Yes, but thats not _the_ problem! *sigh* What if you had more than 1 usb hotplug device? How would you solve it then? Say you have one phone and one camera, and theyre both using the usb-storage protocol, and youd want them appear in the local filesystem under /mnt/phone and /mnt/camera. (After all - you want to know if you are browsing the files on the phone or the camera)

Depending on which device you plug in first, it will appear under the mount point defined in conjunction with eg /dev/sda (whatever comes first). So if youve defined /mnt/camera as /dev/sda in your /etc/fstab and you plug in your phone - devfsd will assign it to the first available logical letter - which is /dev/sda. Because as far as devfsd is concerned, youve plugged in just another usb-storage device. And consequently it will be mounted on /mnt/camera and *NOT* /mnt/phone which would be the correct behaviour.

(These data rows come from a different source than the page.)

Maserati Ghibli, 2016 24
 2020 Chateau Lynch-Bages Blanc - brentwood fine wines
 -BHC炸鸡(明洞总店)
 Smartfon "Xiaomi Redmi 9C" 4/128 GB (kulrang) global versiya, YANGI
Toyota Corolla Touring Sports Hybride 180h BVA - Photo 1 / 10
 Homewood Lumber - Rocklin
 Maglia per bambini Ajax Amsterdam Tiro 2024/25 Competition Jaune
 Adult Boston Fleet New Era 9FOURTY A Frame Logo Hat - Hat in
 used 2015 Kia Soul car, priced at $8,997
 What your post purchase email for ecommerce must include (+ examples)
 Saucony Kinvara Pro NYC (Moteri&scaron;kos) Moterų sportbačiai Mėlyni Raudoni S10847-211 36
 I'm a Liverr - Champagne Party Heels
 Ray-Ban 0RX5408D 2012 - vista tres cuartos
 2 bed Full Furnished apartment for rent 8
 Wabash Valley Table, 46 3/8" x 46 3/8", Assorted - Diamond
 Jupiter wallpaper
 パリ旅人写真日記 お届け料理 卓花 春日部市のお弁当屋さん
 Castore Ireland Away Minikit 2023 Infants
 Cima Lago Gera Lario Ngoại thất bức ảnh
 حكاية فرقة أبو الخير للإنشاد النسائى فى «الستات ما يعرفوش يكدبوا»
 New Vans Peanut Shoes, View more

Perhaps you now understand the issue at hand, and why there has to be another way around this problem  :Smile: 

Edit: Actually, I think you just proved my point with ls output from your computer. As you can see, /dev/sdd does not contain the same hostX mapping (it clearly says host4, host5, host6 etc between each hotplug/removal) - so as far as devfsd is concerned you plugged in 3 different devices. Perhaps its easier to understand why Im frustrated now.

----------

## taskara

I understand. I have no idea how to help. good luck!

----------

## Vann

You might want to look into udev.  This is one of the problems with devfs it was created to solve.

----------

## el_compa

Try this page http://www.buberel.org/linux/usb-automounter.php. With udev working, you can check what device was plugged in and then mount it with the required parameters.

----------

## Loke

Ah, thanks for the feedback, guys. After this Ive been reading up on devfs / udev debate and it looks like devfs has designflaws regarding my issue described above. And it looks like devfs is being dumped from the kernel soon, too. Going from experimental to deprecated  :Laughing: 

el_compa: Do you need udev working if using the instructions in the url you posted? The author doesnt mention udev, so I was just wondering. To me it seems like hotplug has the functionality to recognize certain USB devices based on their USB-ID tag from lsusb, and take the appropriate action.

----------